Problem details :: Would you transcribe the records below from the line with "12308 NE 147th Court, Kirkland, WA 98034" to the line with "Innenansicht des Restaurants", ends included, exactly and with nothing more, leaving the pictures out?

Records provided ::
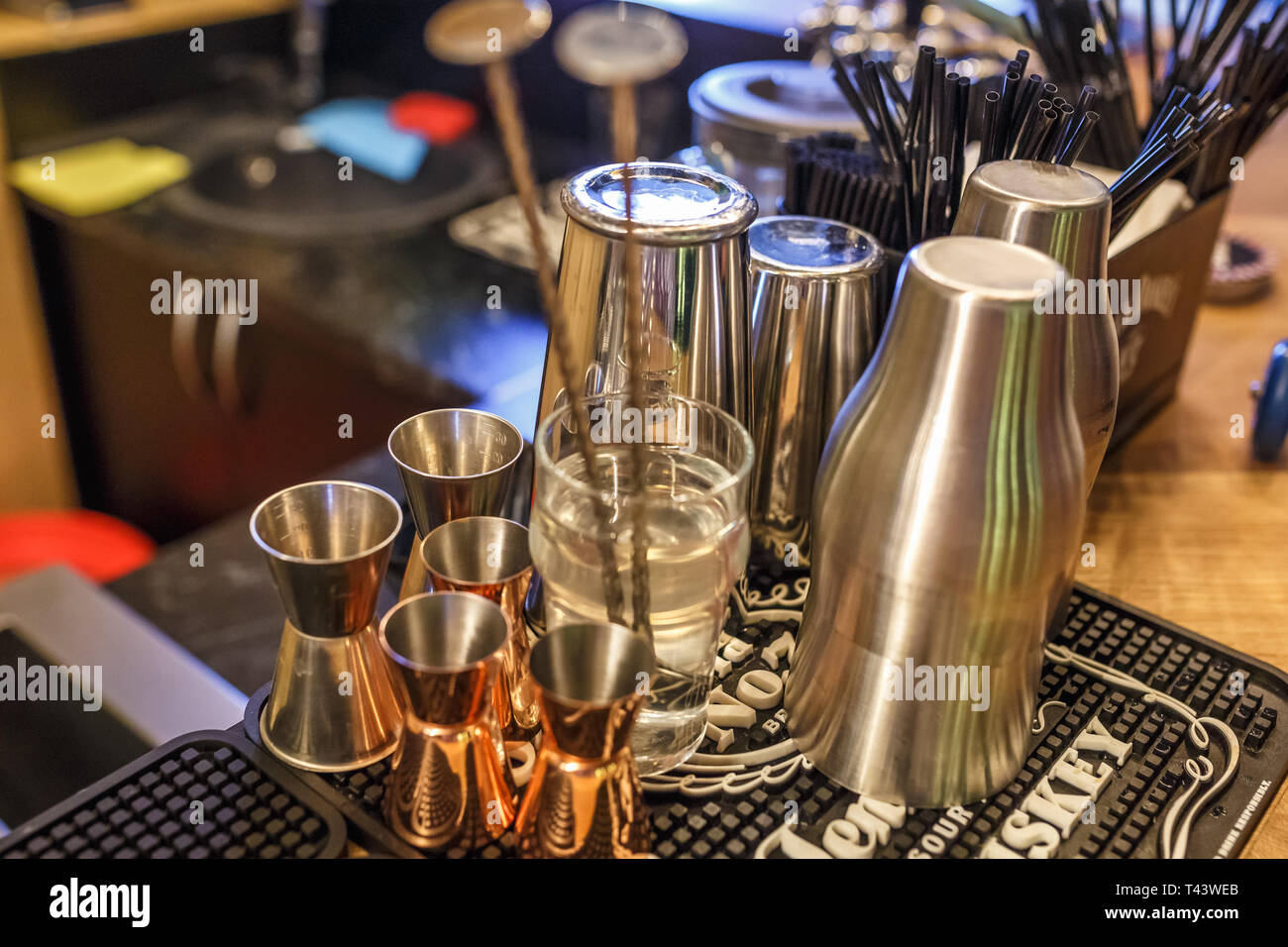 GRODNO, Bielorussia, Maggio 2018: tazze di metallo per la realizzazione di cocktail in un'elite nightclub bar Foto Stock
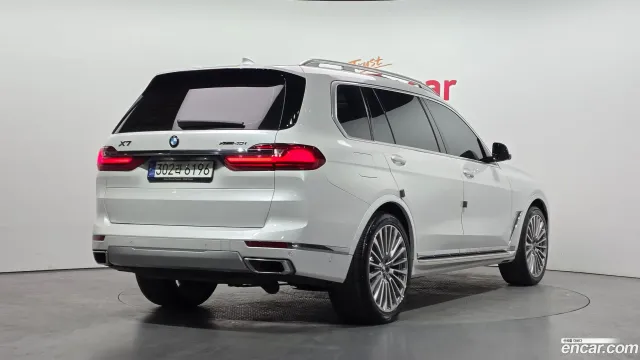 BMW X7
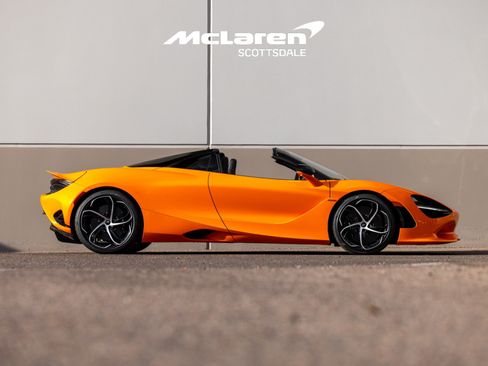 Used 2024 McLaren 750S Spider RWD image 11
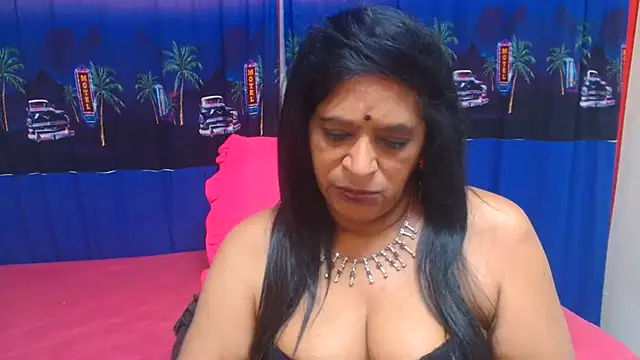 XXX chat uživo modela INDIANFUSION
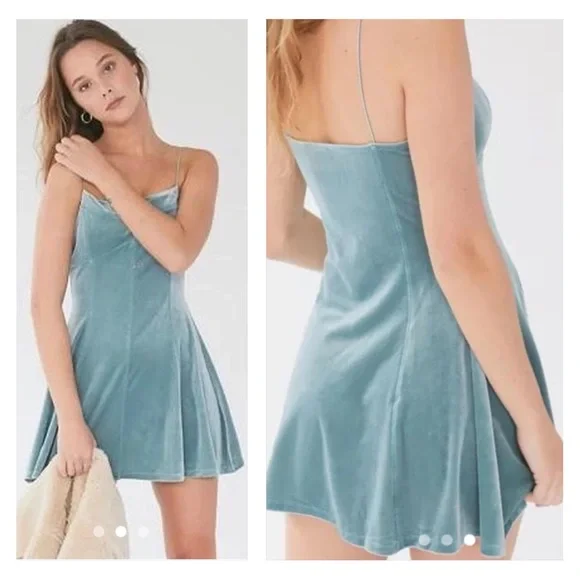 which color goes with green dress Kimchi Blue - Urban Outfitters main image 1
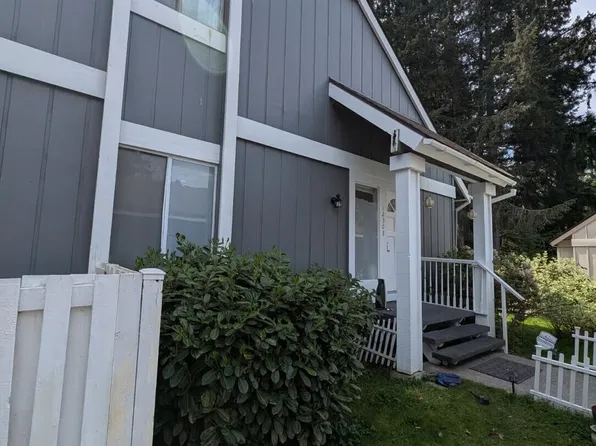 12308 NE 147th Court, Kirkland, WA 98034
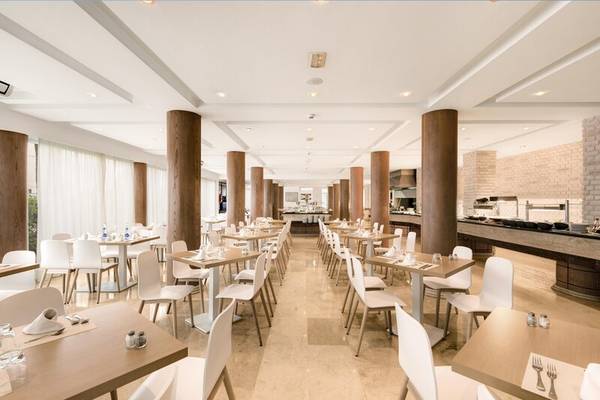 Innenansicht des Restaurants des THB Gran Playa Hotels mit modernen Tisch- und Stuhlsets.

---

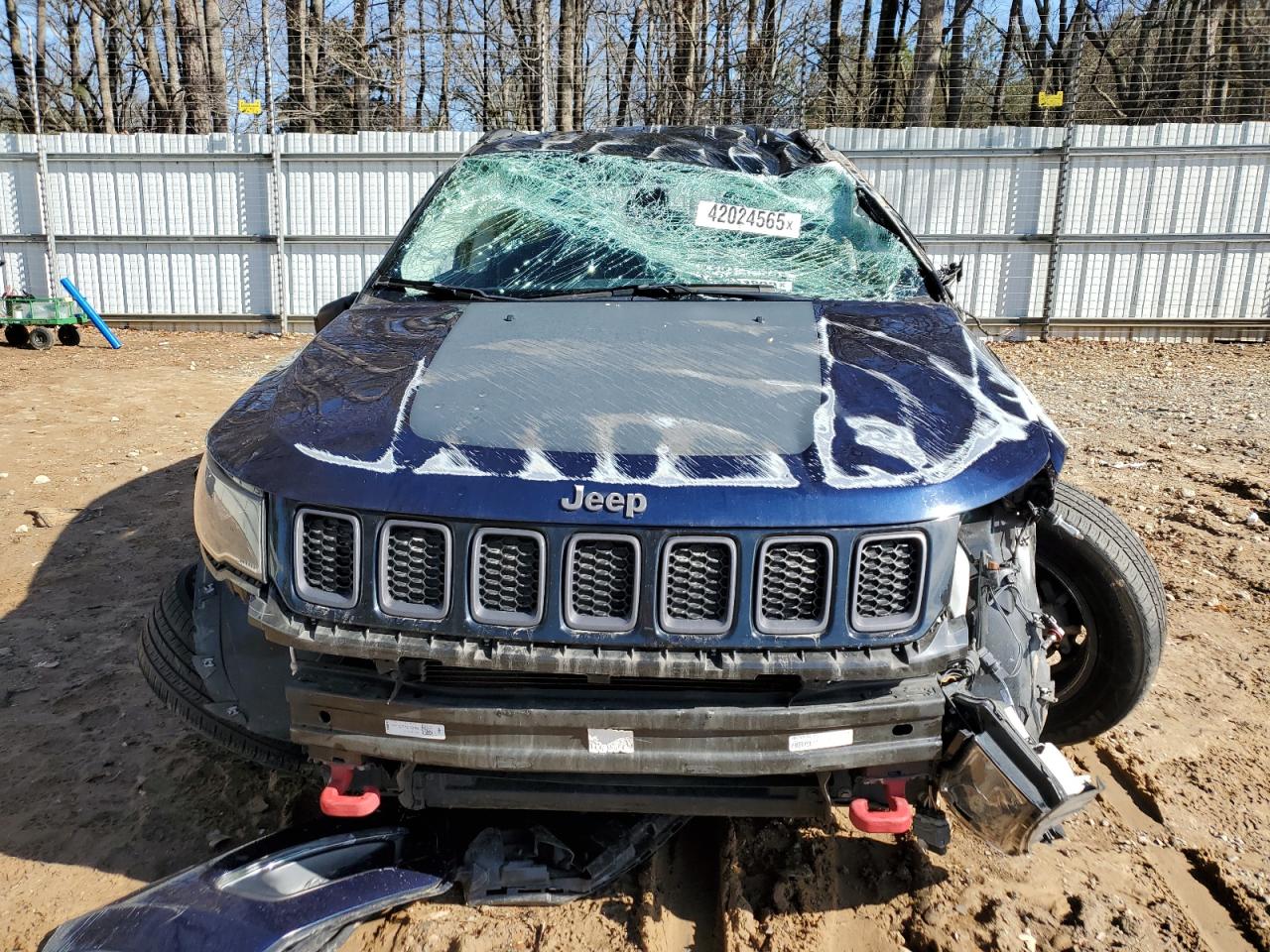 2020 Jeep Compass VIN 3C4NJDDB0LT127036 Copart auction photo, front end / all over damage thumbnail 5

Written answer ::
 12308 NE 147th Court, Kirkland, WA 98034
 Innenansicht des Restaurants des THB Gran Playa Hotels mit modernen Tisch- und Stuhlsets.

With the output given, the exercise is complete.